Il passeggiatore può saltellare nel denso ruscello di urina che taglia il tunnel sotto il Pont du Carrousel. Il 26 luglio ci sarà mezzo milione di persone, tutte munite di «autorizzazione a circolare», ad assistere alla sfilata di battelli per l’inaugurazione. Centomila di essi pagheranno un biglietto. Pare che i posti migliori, sui ponti più grandi, siano stati rivenduti a dieci o ventimila euro. Illegittimamente, il flâneur si sente per un attimo come il commissario Maigret nel bellissimo Maigret e il barbone: l’unico cittadino «integrato» a porsi la domanda di come si veda Parigi da seduti per terra. Si siederebbe anche, accanto a Jan, che è già alla terza o quarta birra di giornata, ma il ruscello odoroso incalza, e il flâneur preferisce passare oltre.

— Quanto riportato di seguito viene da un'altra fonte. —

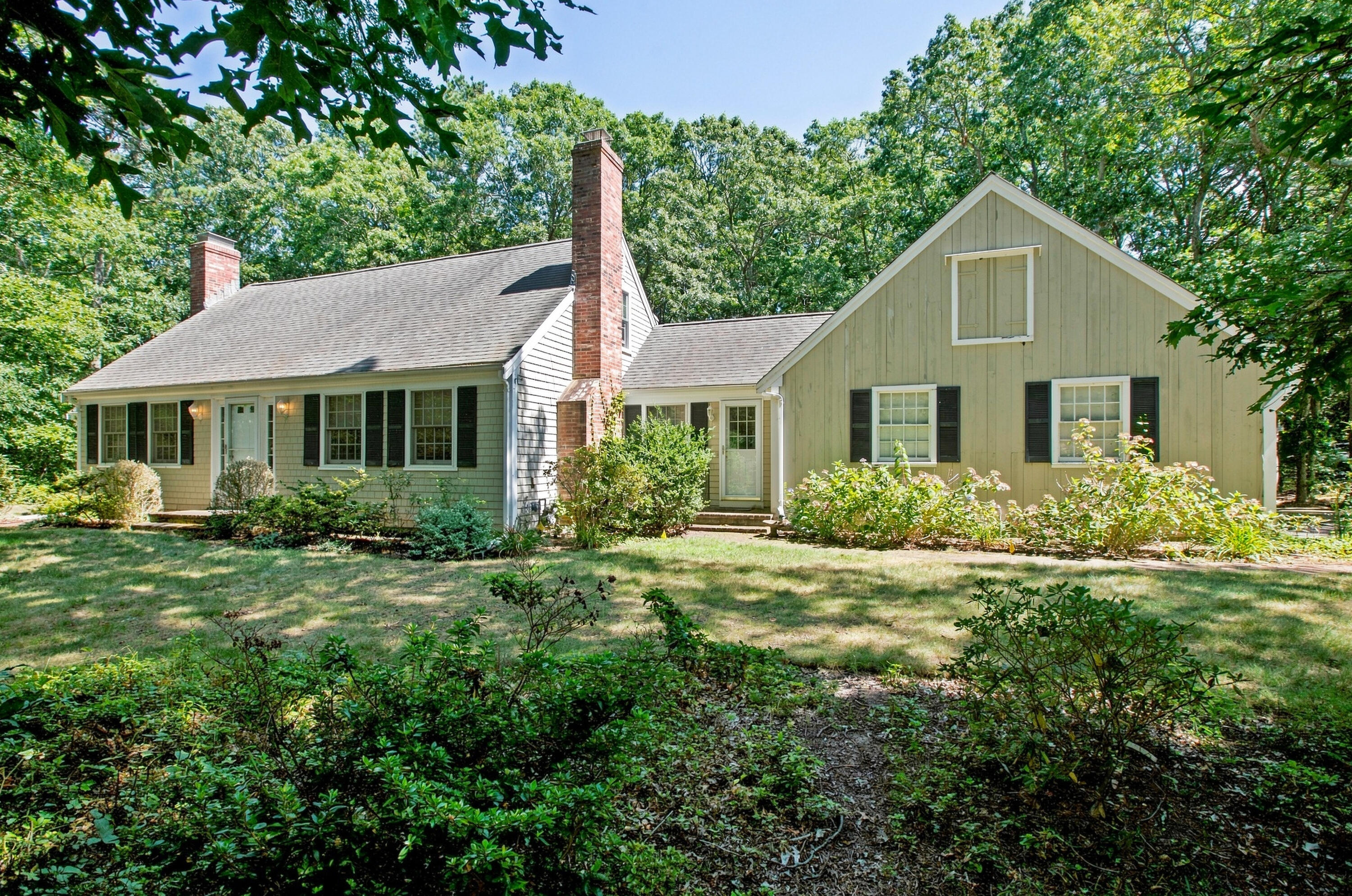 286 Midpine Road Cummaquid MA 02630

È arrivato nei pressi dell’Arsenal, da dove, se il suo compito non fosse di proseguire dritto verso est, si potrebbe risalire verso nord, fino a Place de la Bastille. Sarebbe d’attualità, perché lì si tenne la grande, partecipatissima manifestazione del 14 luglio 1935, quando i parigini (qualcuno dice un milione, forse meno) si guardarono increduli tra loro, e capirono: capirono che alle votazioni dell’anno seguente la sinistra si sarebbe presentata unita. Erano i primi vagiti, in quel mattino del 1935, di quello che sarebbe stato il Front populaire. L’unità avrebbe significato la vittoria alle elezioni del 1936.

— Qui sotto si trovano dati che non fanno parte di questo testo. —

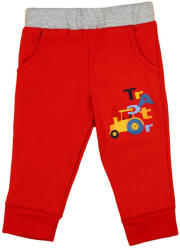 Asti Bébi meleg belül bolyhos szabadidő nadrág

Il passeggiatore è già lontano. Vede il ponte ferroviario inghiottito da un palazzo sulla riva sinistra: è la Gare d’Austerlitz. Decide di interrompere qui l’attraversamento, o meglio di dichiararlo concluso. All’altezza di questa stazione piena di storia e di storie il passeggiatore si ferma a riposare. Tutto sommato, ha attraversato quasi tutta la città da un capo all’altro, e nessuno glie ne ha chiesto conto.